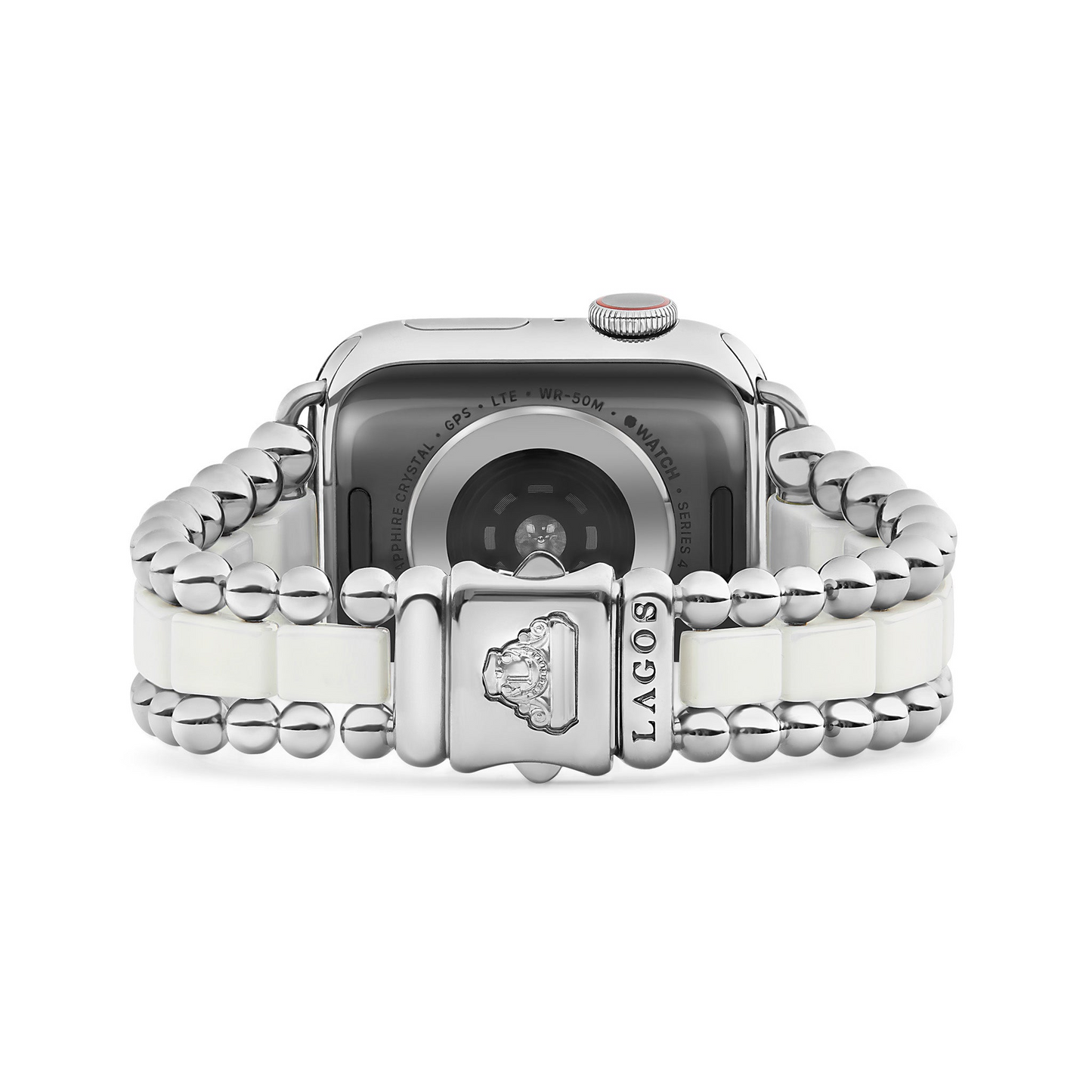 Lagos White Ceramic and Stainless Steel Watch Bracelet - 38-45mm
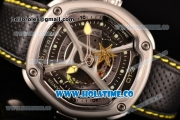 Dietrich OT-3 Miyota 82S7 Automatic Steel Case wtih Four layered Dial and Black Leather Strap - Yellow Hands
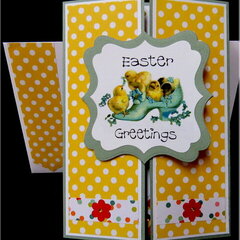 Chicks in Shoe Gate Fold Easter Card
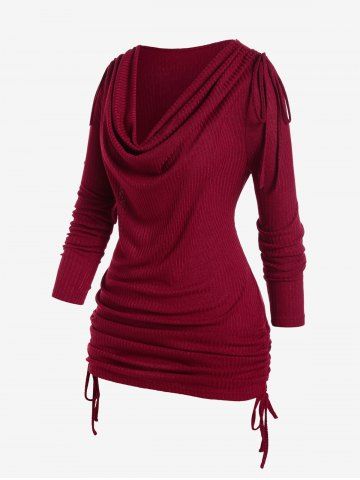 Plus Size Cowl Neck Rib-knit Cinched Ruched Top - DEEP RED - 1X | US 14-16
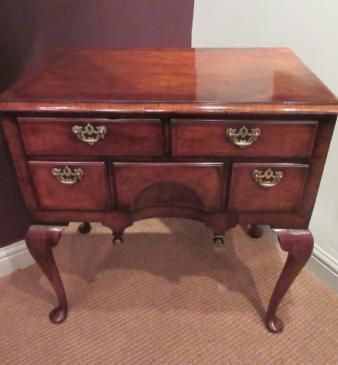 Superb George III Period Figured Walnut Lowboy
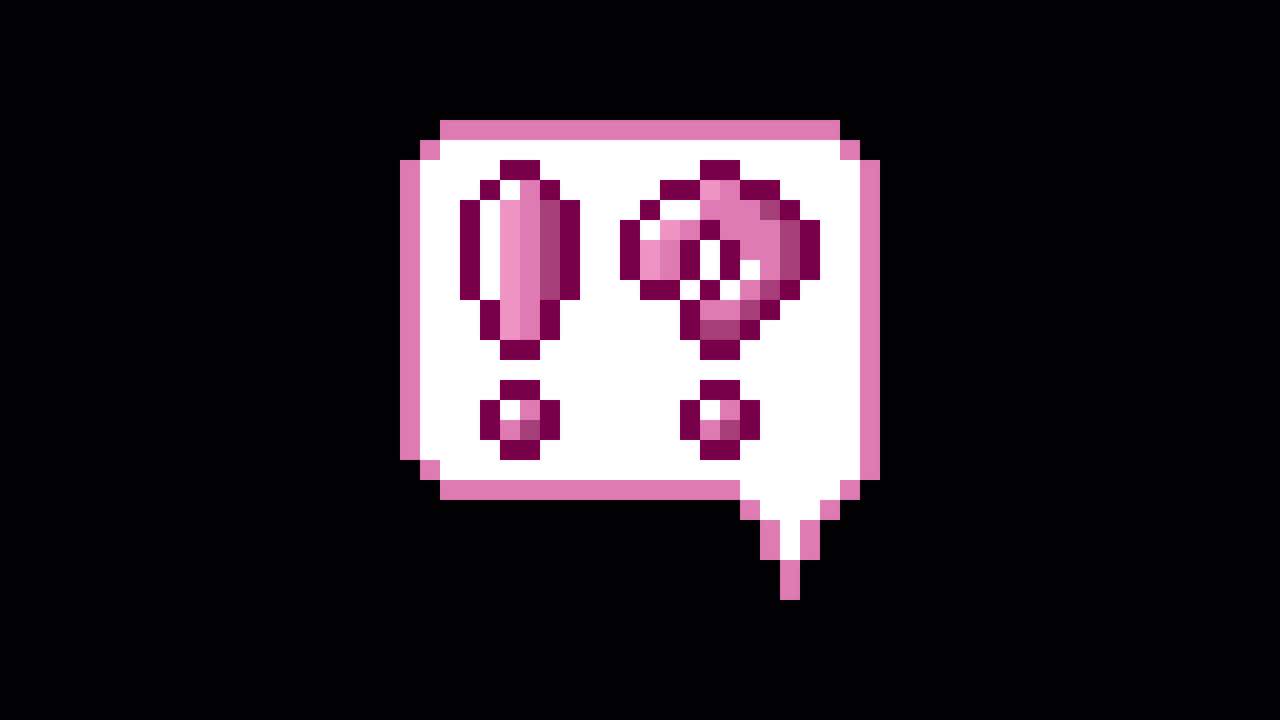 Pixel art animation icon speech bubble interrobang mark (1)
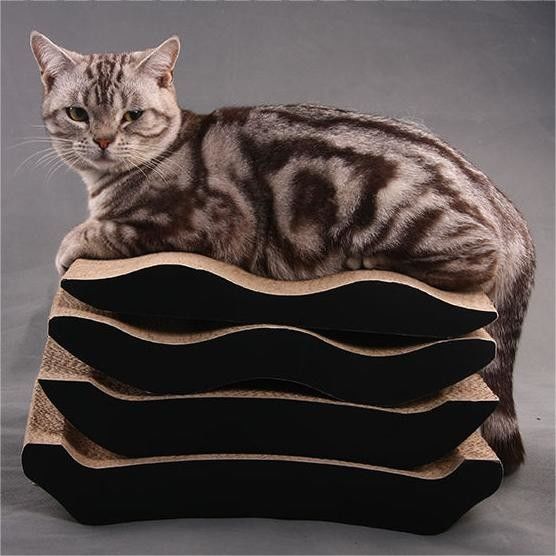 Cat Scratching Board with Catnip, Corrugated Cat Scratching Board with Premium Scratch Texture Design
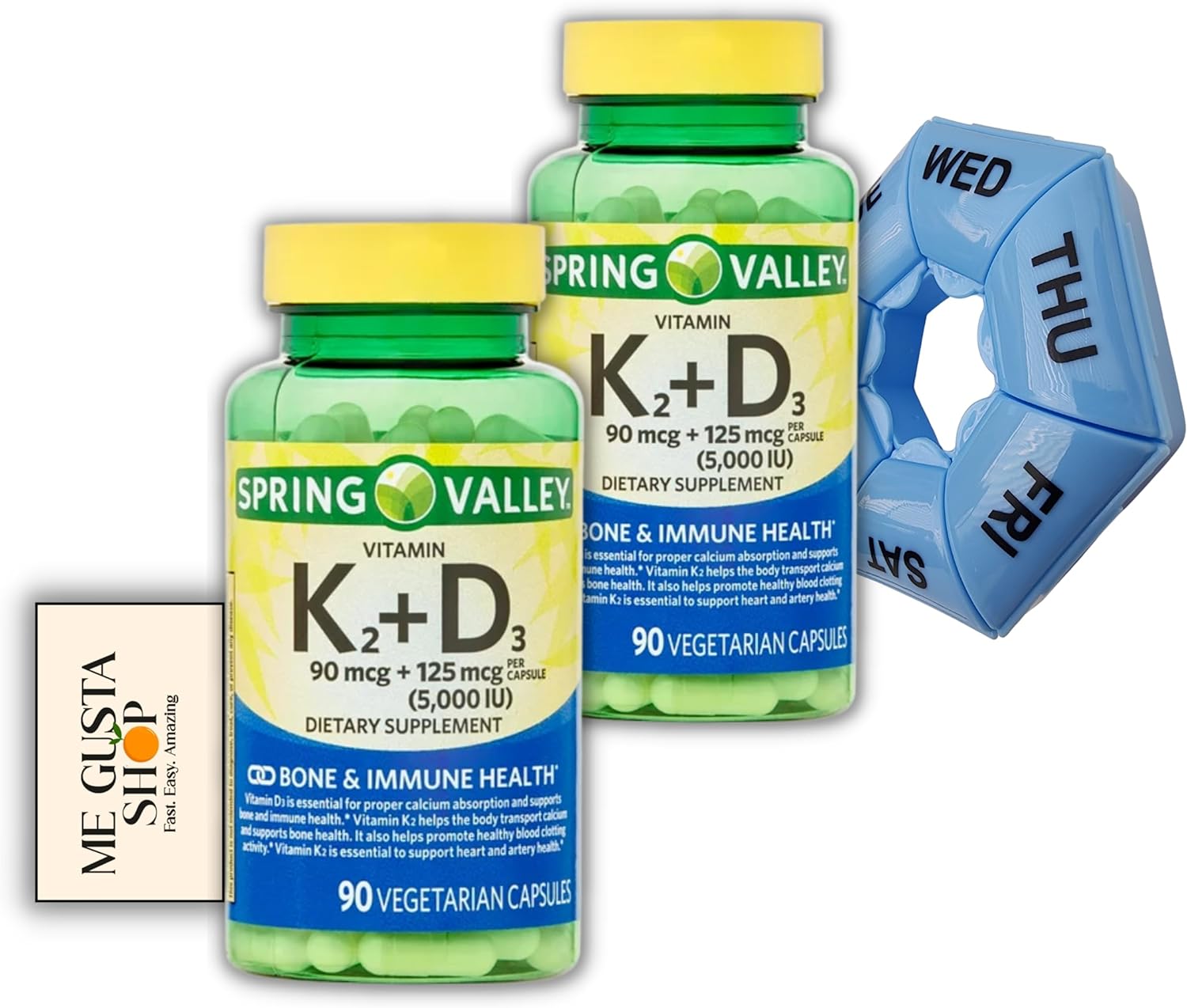 <b>스프링밸리</b> <b>비타민</b> K2 90mcg D3 125mcg 90정 2개 180정
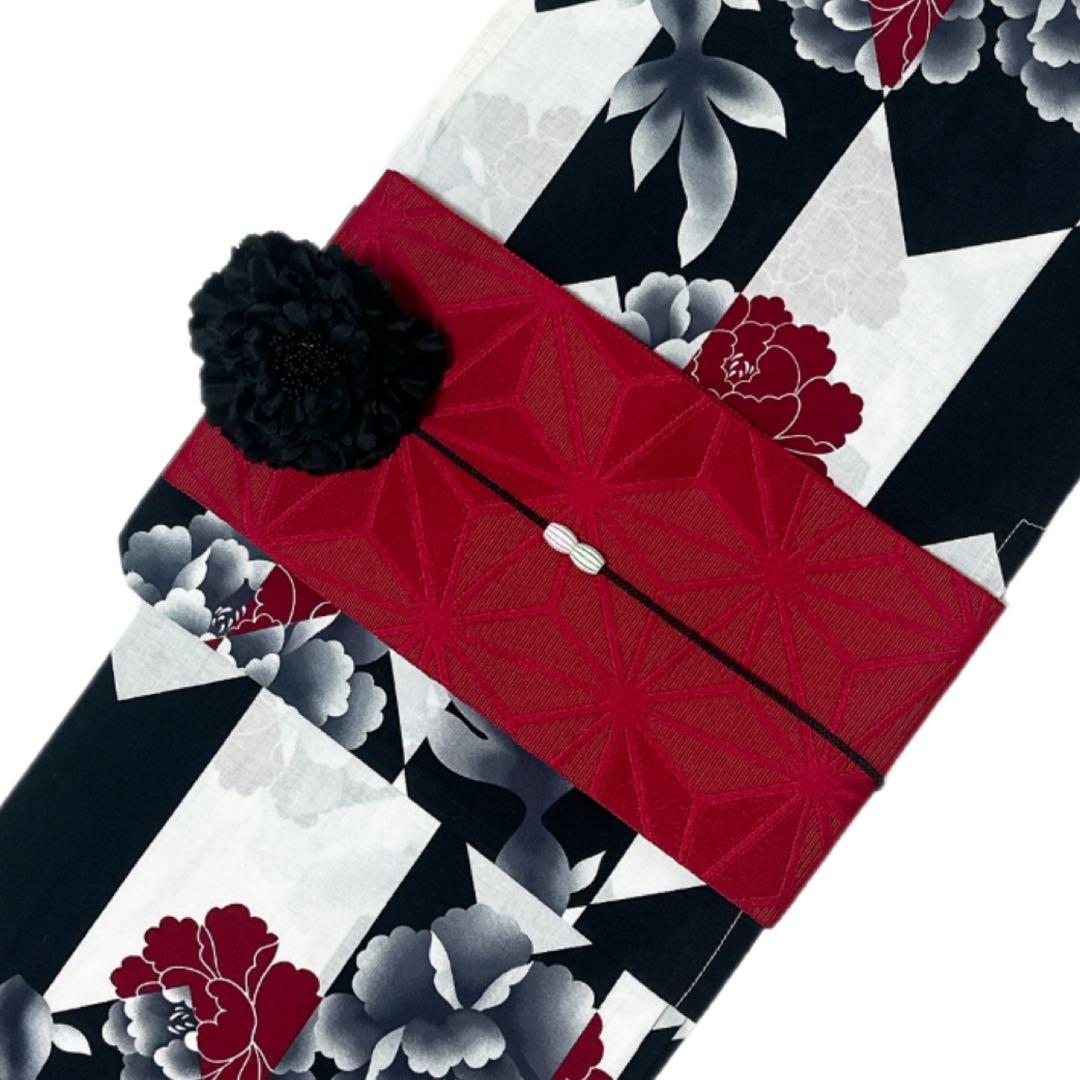 SALE 浴衣ジェンヌ 浴衣5点セット 黒×白 矢絣 矢羽 半幅帯 下駄 赤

- **What to work on**: From the line that holds "Plus Size Cowl" down to the last line of the material above, every line is to be copied exactly, both ends included; pictures are to be omitted.

- **Response box**:
 Plus Size Cowl Neck Rib-knit Cinched Ruched Top - DEEP RED - 1X | US 14-16
 Superb George III Period Figured Walnut Lowboy
 Pixel art animation icon speech bubble interrobang mark (1)
 Cat Scratching Board with Catnip, Corrugated Cat Scratching Board with Premium Scratch Texture Design
 <b>스프링밸리</b> <b>비타민</b> K2 90mcg D3 125mcg 90정 2개 180정
 SALE 浴衣ジェンヌ 浴衣5点セット 黒×白 矢絣 矢羽 半幅帯 下駄 赤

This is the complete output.